The author of a book arguing for the innocence of five convicted Cuban spies found himself disinvited from an appearance on Miami’s WLRN-FM last month, only to be reinvited after the station’s g.m. caught wind of the cancellation.
Stephen Kimber, a journalism professor at the University of King’s College in Halifax, Nova Scotia, was slated to appear on WLRN’s Topical Currents Sept. 17 to discuss his new book, What Lies Across the Water: The Real Story of the Cuban Five.
The book examines the 2001 Miami trial of the Cuban Five, who were convicted for conspiracy to spy on the U.S. and for failure to register as agents of a foreign government. One of the spies was also convicted for conspiracy to commit murder for his involvement in a 1996 incident in which Cuban jets shot down planes flying between Florida and Cuba, piloted by exiles.
The case remains controversial in Miami, where a community of Cuban exiles harbors strong anti-Castro sentiments. In his book, Kimber argues that to be fair, the Cuban Five trial should have been moved out of Miami. The book also alleges that the charge of conspiracy to commit murder against one of the Five was poorly supported.
The day before Kimber’s scheduled appearance on WLRN, a Topical Currents producer informed the author’s publicist that host Joseph Cooper had decided to cancel the interview. “After looking over the book and accompanying material . . . he feels that the topic is too ‘incendiary’ and fears a negative reaction from certain segments of the community,” Senior producer Richard Ives wrote in an email that Kimber quoted on his blog.

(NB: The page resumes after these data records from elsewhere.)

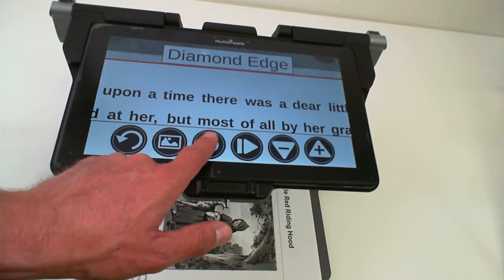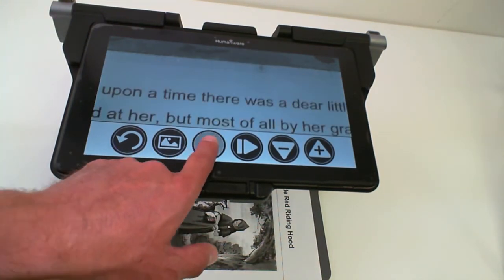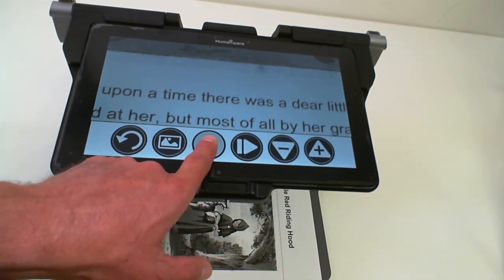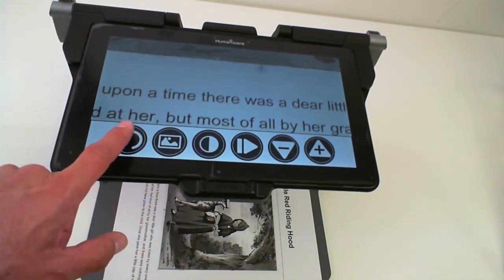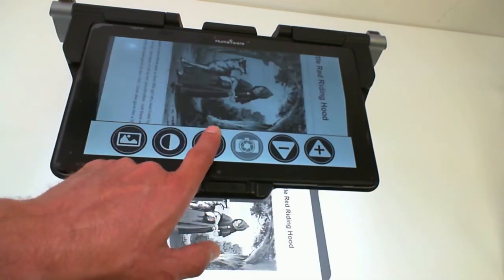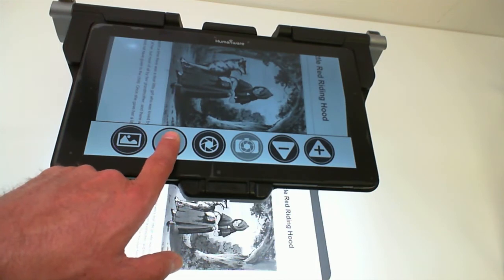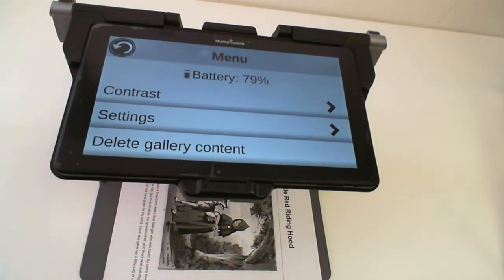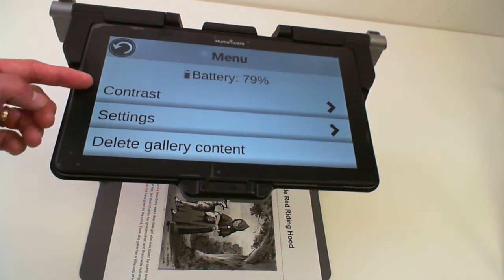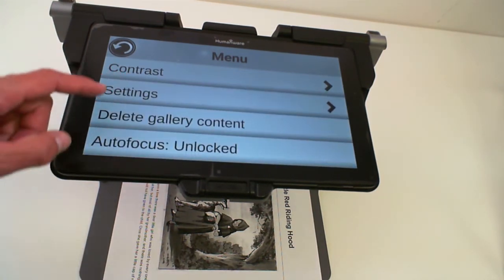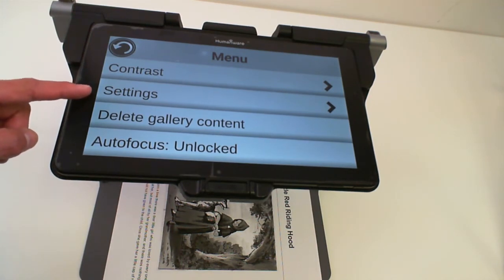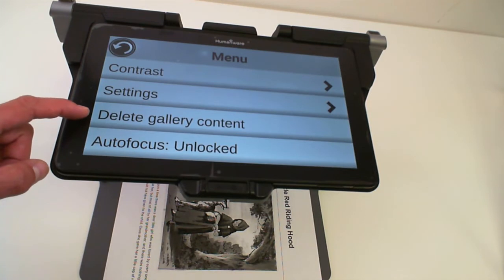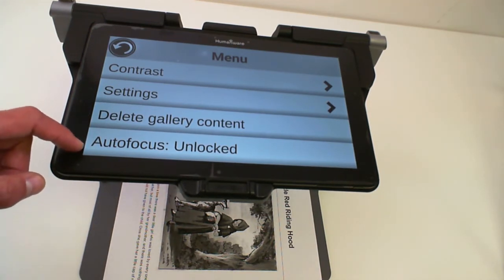In order to add more contrast colors to my contrast button, I press and hold the contrast button for about five seconds. I need to be in my Magnification application. Once I have pressed and held the contrast button for five seconds, you are brought to a configuration menu which has a couple of settings: contrast settings, an option to go to the full settings of Prodigy, an option to delete the gallery content, or an option to lock your auto-focus.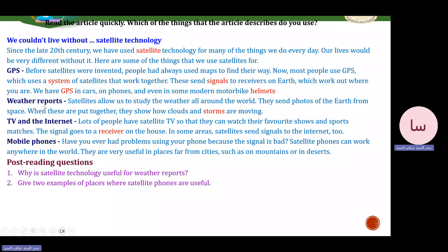Another use is weather reports. Satellites allow us to study the weather all around the world. They send photos of the Earth from space. When these are put together, they show how clouds and storms are moving. Regarding TV and internet: lots of people have satellite TV to watch their favorite shows and sports matches. The signal goes to a receiver on the house. In some areas, satellites send signals to the internet too. Regarding mobile phones: satellite phones can work anywhere in the world — they are very useful in places far from cities, such as on mountains or in deserts.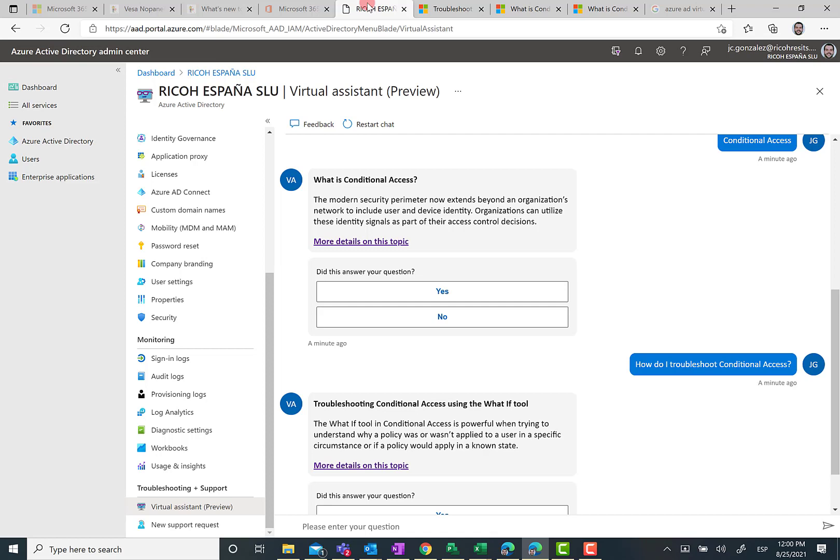Indeed, if you look for documentation about this virtual assistant for Azure AD, you're not going to find any official documentation.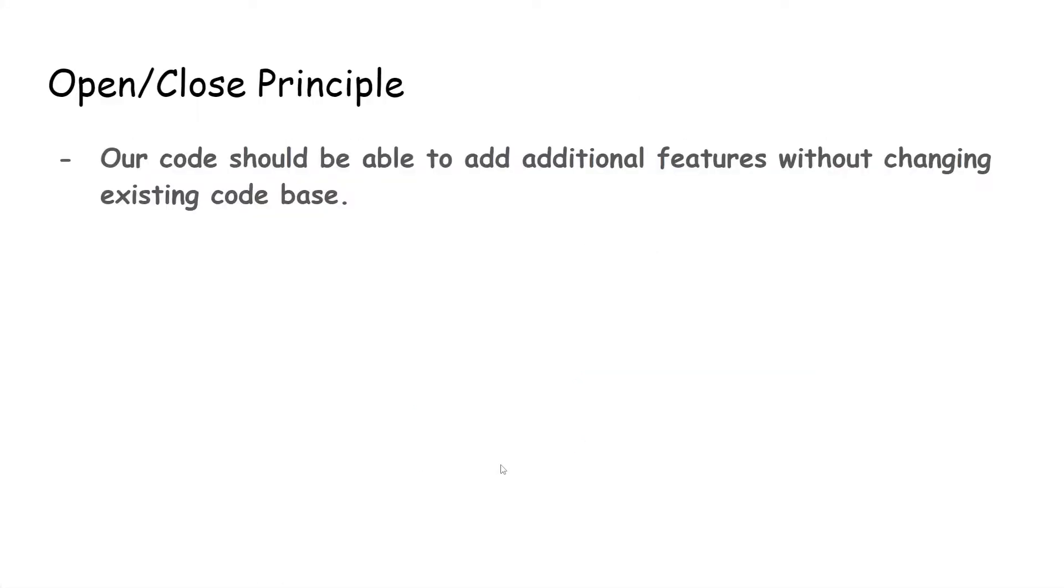So for the open-close principle, we basically want our code to be able to add additional features without changing existing code base.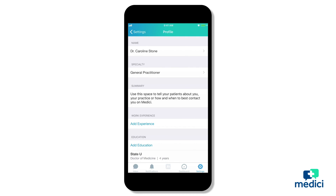One quick note: if you plan to add in multiple education entries, it's best to start with your undergraduate and move to your advanced degrees, since new entries will push down the previous ones.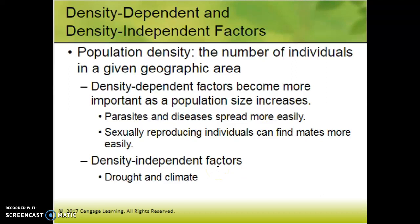Density-independent factors are those things that impact everybody. It doesn't matter if there's one beetle or a thousand beetles — if it floods, we're all in trouble. If the climate changes and temperatures increase, it doesn't matter how many zooxanthellae are in the coral reef; they're all dead. Those are examples of density-independent factors.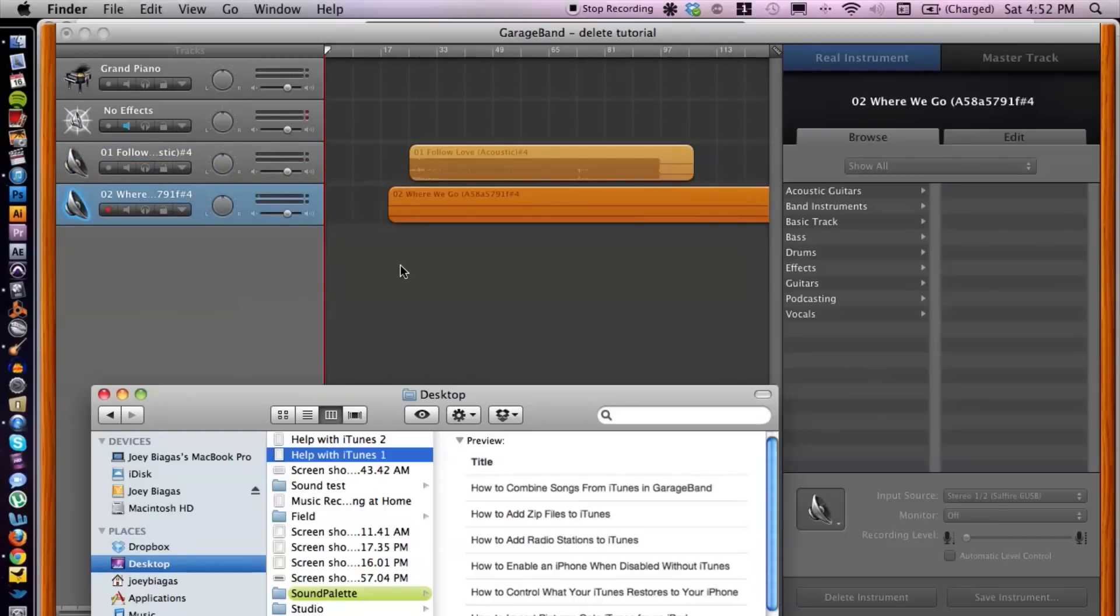One of the reasons why you would combine songs together is much like what a DJ would do—when one song is ending or near ending, the next song is beginning, so they kind of overlap within each other. That's what I'm going to do within GarageBand.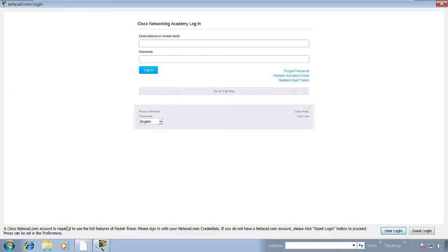As you can see, we must have a Cisco Netacad account to login before using the software. So I click on the guest login.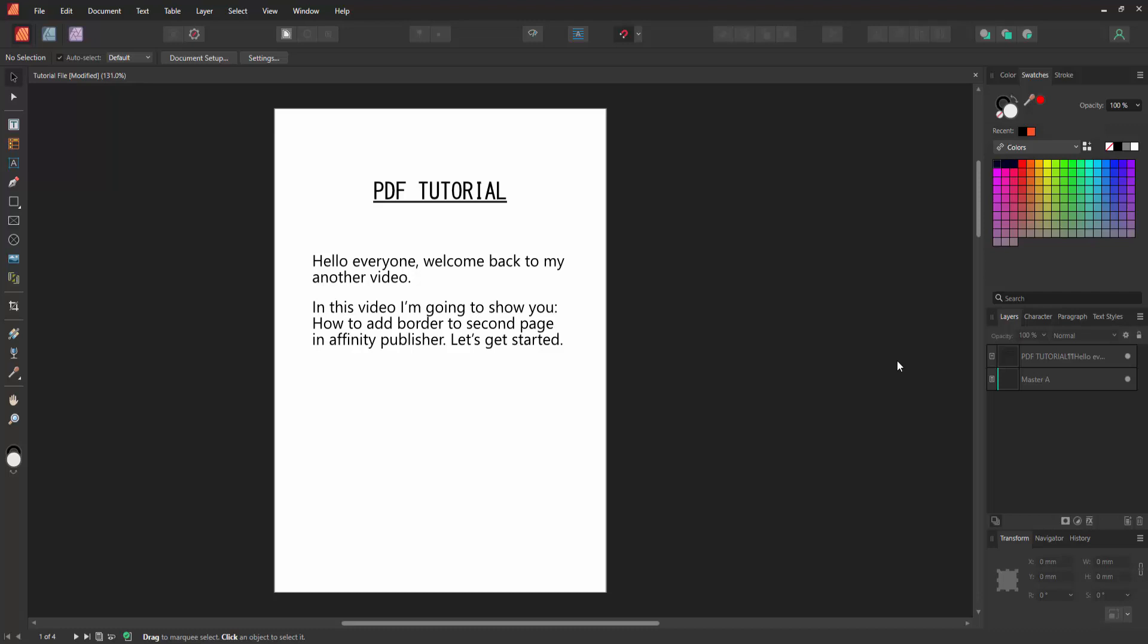Hello friends, welcome back to my another video. In this video I am going to show you how to add border to second page in Affinity Publisher. Let's get started. Firstly we have to open an Affinity Publisher document.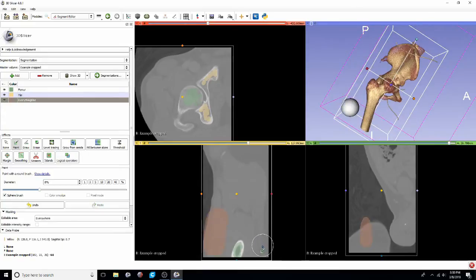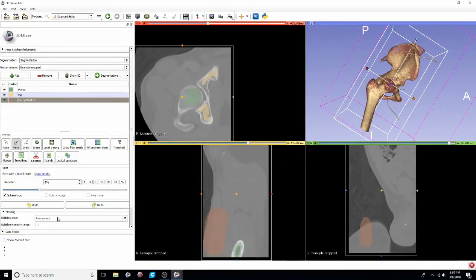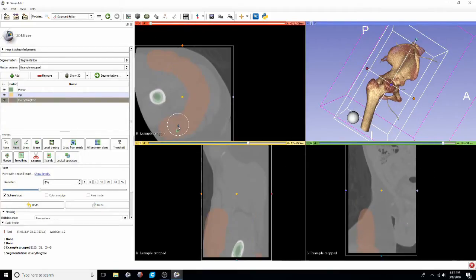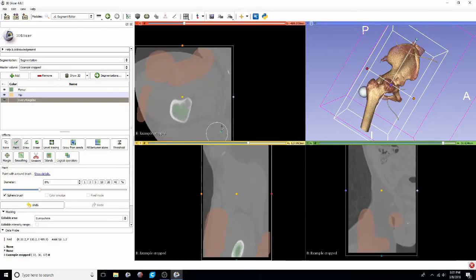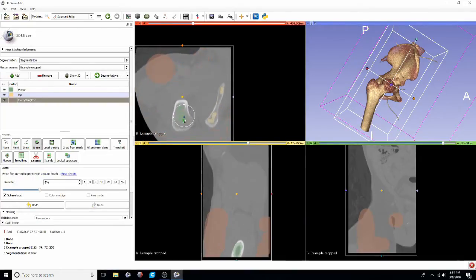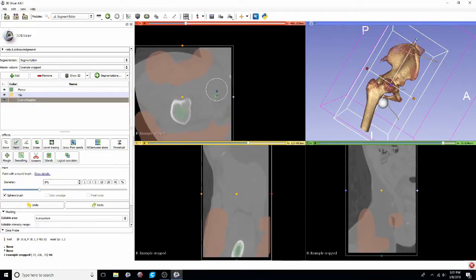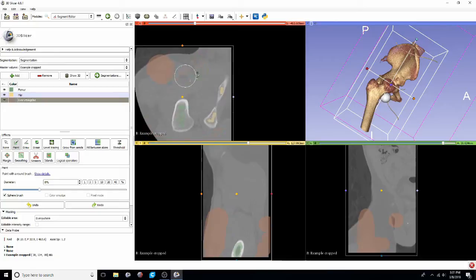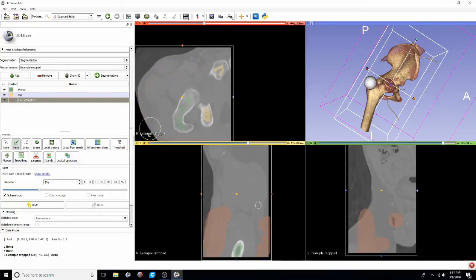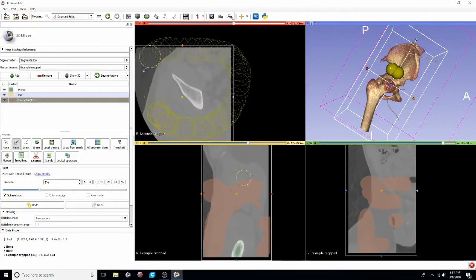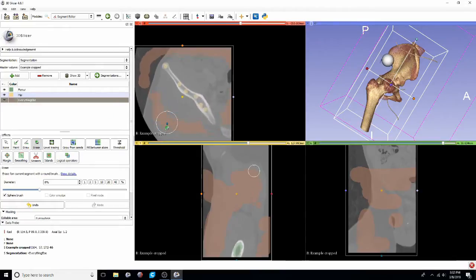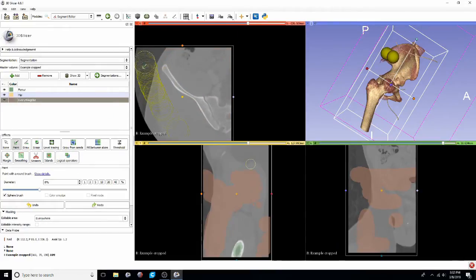Once you've labeled the structures of interest you have, you'll want to go through and label everything else. So for this particular segmentation, that'll be all the muscle and any bony structures that aren't the hip or the femur. Again, the more data, the better.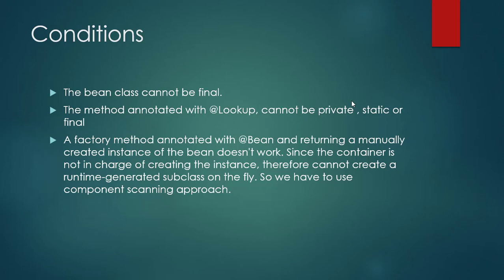Why? Because what happens when the @Lookup is marked on the method, Spring creates a dynamically generated class for that method. So we have to use component scanning approach. Let's look up with the help of an example.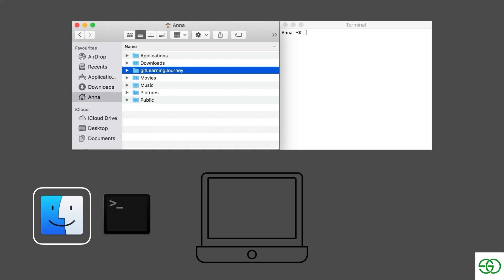But in order to do the same thing in the terminal, we have to use a command. And the command we use is mkdir, which stands for make directory, and then we pass in the name of the directory that we want to create. So let's see this in action.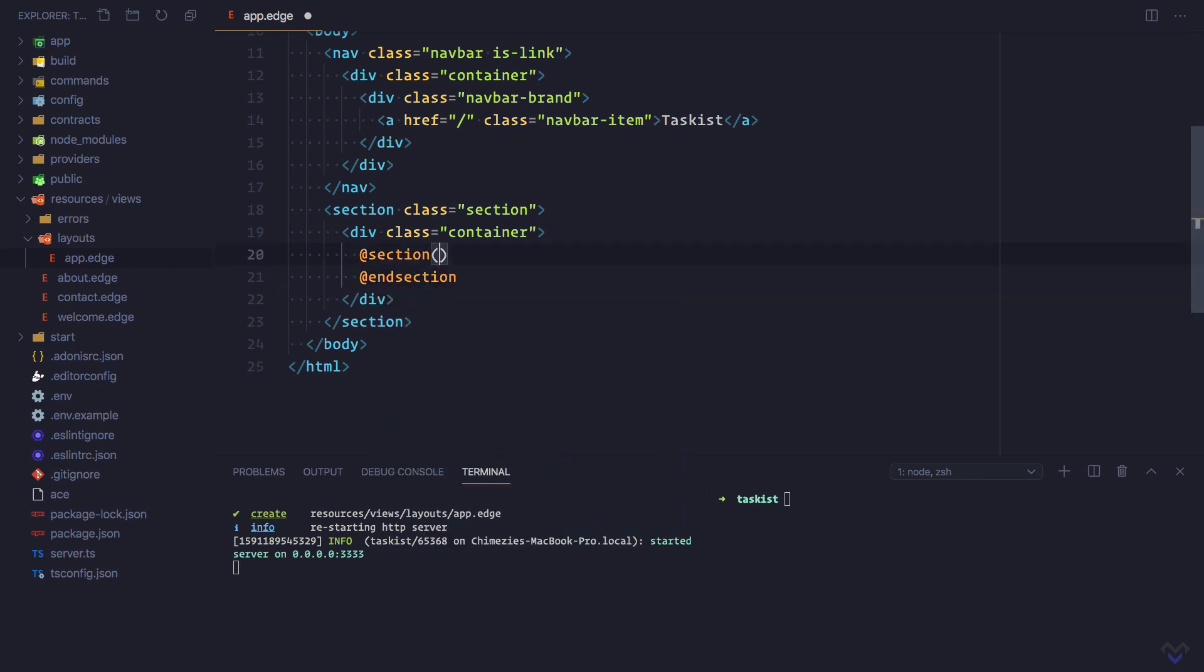And we'll give it a name of content. We can name this whatever we like. Since this section tag doesn't contain any other thing, we can as well self-close it. A tag can be self-closed by prefixing it with an exclamation mark.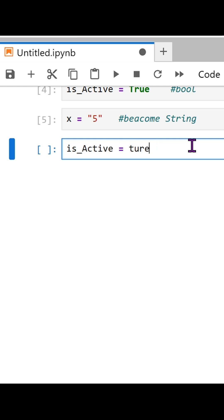Also, never use quotes for true or false, or Python will treat them as strings.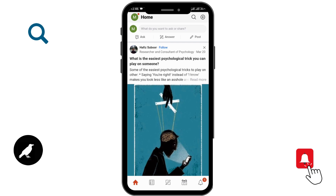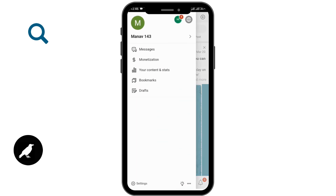Once you are on the homepage of Quora, you need to first tap on your profile option in the upper left corner. Then you need to go to your settings option in the lower left corner.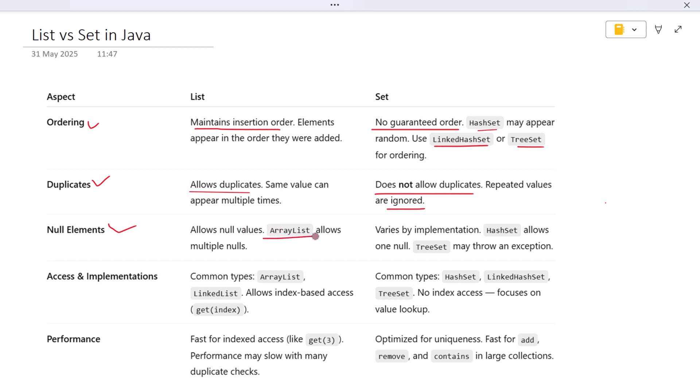HashSet allows a single null value, but something like TreeSet, which relies on sorting, may throw an exception if you try to add null because null can't be compared to other elements. So it's not just about List vs Set—it's also about which concrete class you're using.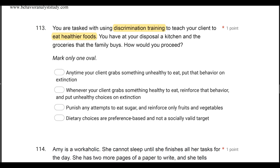Answer B: whenever your client grabs something healthy to eat, reinforce that behavior and put unhealthy choices on extinction. That sounds like differential reinforcement — because differential reinforcement leads to discrimination and differentiation. Response differentiation and stimulus discrimination are products of differential reinforcement. Answer C: punish any attempts to eat sugar and reinforce only fruits and vegetables. We're talking about healthier foods here — it's very subjective. We don't know the groceries the family buys, their dietary habits, or their preferences. Answer C is way too specific for the information we're given.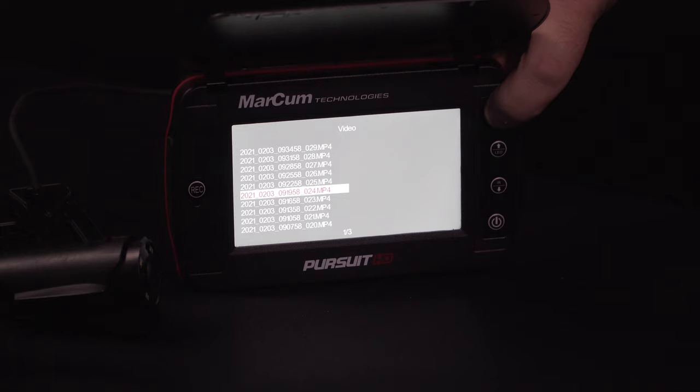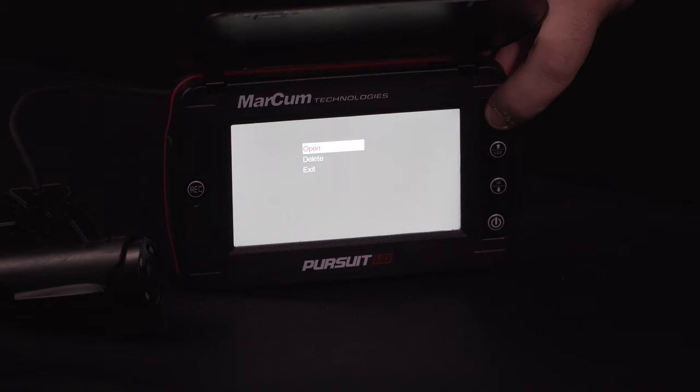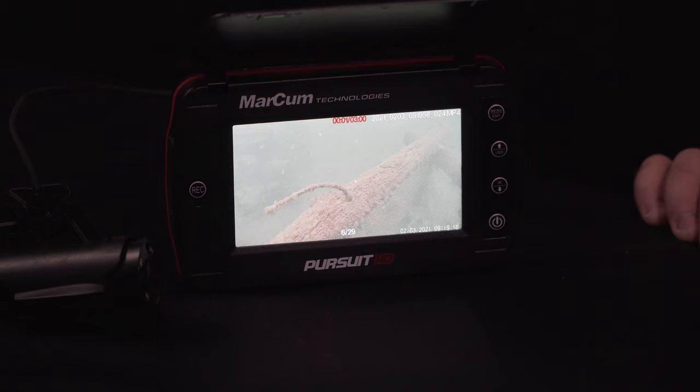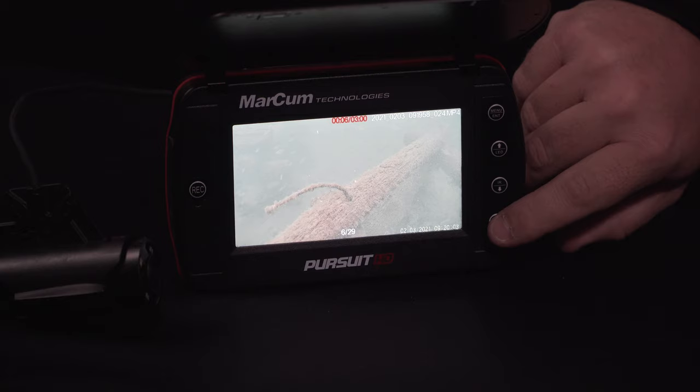Once you have that option highlighted, this is going to give you the option again to open, delete, or exit the file. We're going to open that and it'll bring you right into the video you've chosen. Once you're done viewing, in the bottom right corner you'll see the power button, which acts as a back button — press that.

In the email, Ives offered his apologies to the author and said he had tried to make the case that Cooper’s fears about the book were overblown, “but to no avail.”
Cooper did not respond to requests from Current for an interview. But he told Miami’s El Nuevo Herald that Kimber “was presupposing the innocence of the Cuban Five” in his book.
“It’s not a polemic,” Kimber told Current, describing his book. Though he does argue that the Cuban Five were wrongly imprisoned, “there’s a certain amount of balance,” Kimber says.
Yet a day after Kimber’s appearance was canceled, he was booked on a different WLRN program, the weekly Florida Roundup. In a letter posted on WLRN’s website Sept. 18, General Manager John LaBonia apologized for Cooper’s decision to cancel Kimber’s interview and announced that the author would appear on the Sept. 20 edition of Florida Roundup.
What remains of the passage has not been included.